Mas o fato é que com apenas 14 anos ele se matriculou na Royal Academy e, no ano seguinte, realizou a primeira exposição, início da trajetória como um dos mais expressivos paisagistas ingleses do primeiro instante moderno da arte.
A partir daí, o precoce artista tomaria como modelo não apenas a imagem campestre bucólica de Lorrain, mas igualmente a de outros notáveis da pintura de sua geração e das precedentes, procurando refinar-se e impor seu gosto.
É essa identificação pouco usual aos olhos do grande público que a exposição Turner e Seus Pintores quer ressaltar até 24 de maio, no Grand Palais, em Paris.
Na seleção de uma centena de obras, estão lado a lado trabalhos de referência do pintor inglês, de seus prediletos como Tiziano, Canaletto e Nicolas Poussin, e também de rivais artísticos do período, caso de Thomas Girtin e John Constable.
Marinhas. Turner é um nome associado a muitos epítetos. Mas o que se pretende na mostra, que já passou pela Tate, em Londres, e depois segue para o Museu do Prado, em Madri, é demonstrar o pintor-poeta ou o pintor da luz e suas marinhas tempestuosas como um atento e reverente seguidor até encontrar seu caminho.
E isso coincide, segundo historiadores e críticos como Giulio Carlo Argan, com um período de estímulo na Inglaterra à pintura figurativa de produção local, não mais dependente da arte assinada no continente e trazida à ilha pelos nobres.
Enquanto Turner praticava a aquarela e gravura na academia, Londres via nascer galerias, exposições públicas e um mercado atuante alimentado por mecenas e colecionadores.

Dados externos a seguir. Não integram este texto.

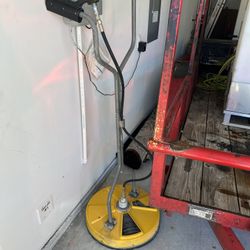 20 Inch Surface Cleaner 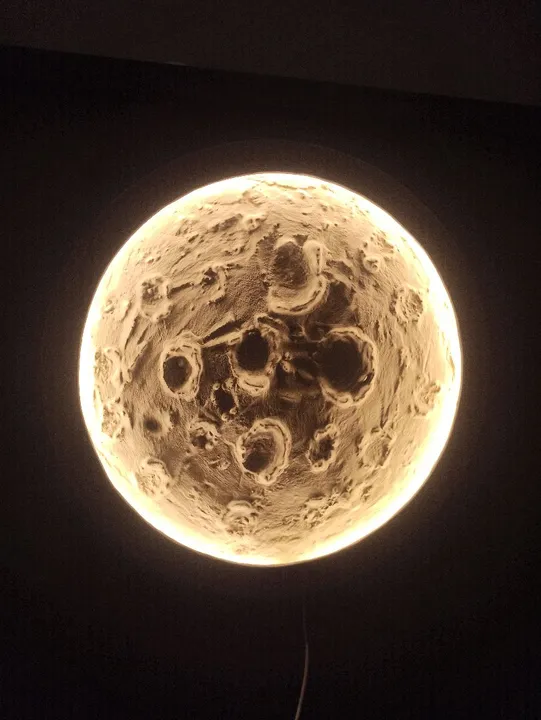 Luminárias (Lua)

Ambiente que propicia ao aluno descobertas fundamentais, entre elas as paisagens do mestre galês Richard Wilson, tão definidoras para ele como as de Lorrain, a quem dedicaria uma de suas obras-primas, O Declínio do Império de Cartago, de 1842. Com Rembrandt, a obra desses mestres revela ao jovem o classicismo de vertente italiana, holandesa e flamenga tão em voga.
A confrontação tem início justamente com a tela Vista do Lago de Nemi, pintada por Wilson em 1758 e inspiração quatro décadas depois para Eneias e a Sibila, Lago de Averne, um dos primeiros óleos de Turner.
É preciso se deter frente a essa e outras telas de Wilson, a gravuras de Piranesi e aquarelas do contemporâneo Girtin, para ter a dimensão do salto de originalidade protagonizado por Turner anos mais tarde.
Esse movimento tem como estímulo a primeira viagem do pintor ao continente em 1802. Turner visita o Louvre, descobre as cores renascentistas de Tiziano, que reverencia em Sagrada Família, e se encanta por Poussin, especialmente a tela Inverno (A Enchente), parte da monumental série das quatro estações.
A obra terá uma versão homônima por Turner também de largas proporções.
Nos anos seguintes, o pintor retribuirá outras descobertas, como no caso de Canaletto, quando visita a Itália. O significativo é que o faz sem se fixar nas duas poéticas artísticas de raiz romântica em vigor.
Entre o chamado "sublime", representação grandiosa e hostil da natureza, e seu diverso, o "pitoresco", que prega a ideia do agradável marcada pela imperfeição e não mais pela perspectiva clássica, Turner é tributário de ambas.
Borrões. Embora não assuma a estética pitoresca, como faz seu grande rival Constable, Turner simboliza-a nos borrões, ou manchas, como preferem os estudiosos, com que pinta suas marinhas, "grandes massas de luz e sombra" no dizer de Argan.
Este, em ensaio sobre o pintor na coletânea Arte Moderna na Europa - De Hogarth a Picasso, agora editado pela Companhia das Letras, defende que o artista não se posiciona e sim supera "as grandes correntes do século 18 (...), numa formulação tão nova e moderna (...) que poderá agir fortemente, um século ou quase mais tarde, sobre as posturas mais recentes da arte inglesa".
Sua análise é tanto mais acurada quando se verifica que Turner retomou, na fase final da carreira, o classicismo de Lorrain e o estilo das marinhas holandesas, como na magistral Tempestade de Neve, de 1842, obra já liberta dos traços dos mestres.
A julgar pelo que se testemunha na exposição, Argan talvez tenha sido até contido em sua previsão.
QUEM É
WILLIAM TURNER
PINTORINGLÊS
CV: O pintor romântico Joseph Mallord William Turner nasceu em Londres, em 1775, e morreu em Chelsea, em 1851. Tornou-se dos mais importantes nomes da Inglaterra. Dedicou-se, principalmente, à paisagens e suas obras mais significativas pertencem à National Gallery e à Tate, em Londres.